Repeat, exactly and alone, every line from the line that contains "Ring Kickstand Silicone" to the end of the entries.

=== Begin Enclosure ===

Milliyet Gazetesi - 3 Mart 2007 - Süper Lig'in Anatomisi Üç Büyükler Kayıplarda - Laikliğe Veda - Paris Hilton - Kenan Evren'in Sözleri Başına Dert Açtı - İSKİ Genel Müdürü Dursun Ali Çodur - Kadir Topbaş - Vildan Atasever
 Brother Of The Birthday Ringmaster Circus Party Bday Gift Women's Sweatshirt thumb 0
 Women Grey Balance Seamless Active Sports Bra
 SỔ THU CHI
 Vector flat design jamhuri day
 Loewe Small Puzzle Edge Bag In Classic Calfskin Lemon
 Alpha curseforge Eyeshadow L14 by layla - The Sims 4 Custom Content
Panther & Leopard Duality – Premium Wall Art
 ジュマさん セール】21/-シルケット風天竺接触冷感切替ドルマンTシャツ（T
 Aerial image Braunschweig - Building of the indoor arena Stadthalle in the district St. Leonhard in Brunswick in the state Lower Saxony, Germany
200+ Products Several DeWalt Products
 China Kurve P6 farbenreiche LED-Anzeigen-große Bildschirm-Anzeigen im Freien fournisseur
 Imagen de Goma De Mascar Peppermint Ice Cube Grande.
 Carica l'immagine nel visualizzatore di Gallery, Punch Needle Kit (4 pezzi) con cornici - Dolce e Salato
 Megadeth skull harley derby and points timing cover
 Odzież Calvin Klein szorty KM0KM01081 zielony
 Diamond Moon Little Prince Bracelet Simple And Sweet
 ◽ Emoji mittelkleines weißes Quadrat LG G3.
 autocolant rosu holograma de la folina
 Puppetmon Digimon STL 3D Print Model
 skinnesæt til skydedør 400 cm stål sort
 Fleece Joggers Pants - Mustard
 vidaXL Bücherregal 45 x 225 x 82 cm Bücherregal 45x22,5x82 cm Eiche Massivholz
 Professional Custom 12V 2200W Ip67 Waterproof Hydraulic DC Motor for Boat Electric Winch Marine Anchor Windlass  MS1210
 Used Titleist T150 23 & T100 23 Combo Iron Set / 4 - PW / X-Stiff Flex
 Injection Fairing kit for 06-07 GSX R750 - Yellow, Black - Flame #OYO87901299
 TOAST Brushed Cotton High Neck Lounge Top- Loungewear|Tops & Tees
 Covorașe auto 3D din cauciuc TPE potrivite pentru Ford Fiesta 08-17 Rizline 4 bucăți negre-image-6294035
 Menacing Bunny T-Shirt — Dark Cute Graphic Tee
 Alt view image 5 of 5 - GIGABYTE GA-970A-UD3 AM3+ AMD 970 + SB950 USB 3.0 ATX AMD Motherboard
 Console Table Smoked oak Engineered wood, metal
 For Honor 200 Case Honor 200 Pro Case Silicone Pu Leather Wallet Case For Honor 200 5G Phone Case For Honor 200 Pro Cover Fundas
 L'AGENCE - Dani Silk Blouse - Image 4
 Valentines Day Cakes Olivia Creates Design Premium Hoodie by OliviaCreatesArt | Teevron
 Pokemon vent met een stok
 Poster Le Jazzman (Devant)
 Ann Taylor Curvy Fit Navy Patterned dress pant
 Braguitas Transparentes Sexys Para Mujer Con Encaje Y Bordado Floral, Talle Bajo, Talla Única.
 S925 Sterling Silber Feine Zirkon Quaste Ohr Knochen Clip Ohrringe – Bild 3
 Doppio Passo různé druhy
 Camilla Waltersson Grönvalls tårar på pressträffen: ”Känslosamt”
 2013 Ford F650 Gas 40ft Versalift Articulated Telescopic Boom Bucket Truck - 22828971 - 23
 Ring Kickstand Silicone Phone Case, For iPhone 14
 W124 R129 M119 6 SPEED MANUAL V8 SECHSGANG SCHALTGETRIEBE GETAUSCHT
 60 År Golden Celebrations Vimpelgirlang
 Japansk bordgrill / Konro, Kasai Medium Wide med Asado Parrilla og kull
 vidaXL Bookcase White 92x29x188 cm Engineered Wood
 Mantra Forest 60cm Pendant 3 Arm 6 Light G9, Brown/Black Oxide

=== End Enclosure ===

ANSWER SPACE
 Ring Kickstand Silicone Phone Case, For iPhone 14
 W124 R129 M119 6 SPEED MANUAL V8 SECHSGANG SCHALTGETRIEBE GETAUSCHT
 60 År Golden Celebrations Vimpelgirlang
 Japansk bordgrill / Konro, Kasai Medium Wide med Asado Parrilla og kull
 vidaXL Bookcase White 92x29x188 cm Engineered Wood
 Mantra Forest 60cm Pendant 3 Arm 6 Light G9, Brown/Black Oxide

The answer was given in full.